In the end, 48 of the 87 who began the journey survived. Among the dead were George and Tamsen Donner, who are memorialized by forever having their last name associated with cannibalism. Many of the survivors, including the Donner children, went on to do interviews and write their own accounts of the journey, which has been sensationalized over the years. Quite frankly, the Donner Party, with its 55% survival rate, is a rather insignificant episode of American westward migration, as other large pioneer groups have been completely wiped out due to weather, disease, attacks from Native Americans, and not waiting an hour to swim after eating lunch. But it is the admitted details of cannibalism that make the Donner Party the most known group of pioneers in American history.

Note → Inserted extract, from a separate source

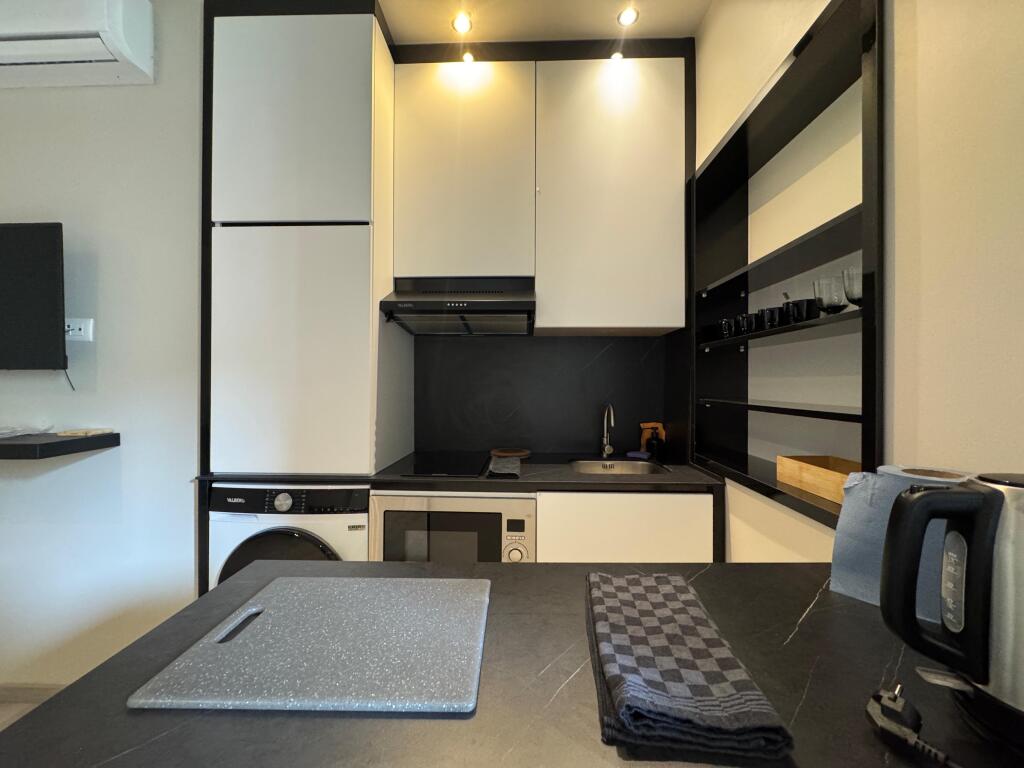 Qira, Apartament 1+1 Liqeni i Thatë, Tiranë.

The site of their camp in the Sierra Nevada is now Donner Memorial State Park, Truckee Lake has been renamed Donner Lake, and for what I can only see as a slap in the face, they built Interstate 80 right through the pass that was snowed in and prevented the completion of their journey to the coast (fig.5).

Fig.5: If only this four-lane highway was built 100 years earlier, no one 
would've been eaten. Thanks a lot, Alan S. Hart...whoever you are...
The allure of cannibalism lives on through the Donner Party, continuing the fascination of the subject with tons of academic books, an insanely creepy villain, and even a musical made by the South Park guys before they were famous. Perhaps their biggest legacy is that many people make restaurant reservations under the name "Donner," just so they can hear the hostess say, "Donner, party of four!" It sure warrants a chuckle every time!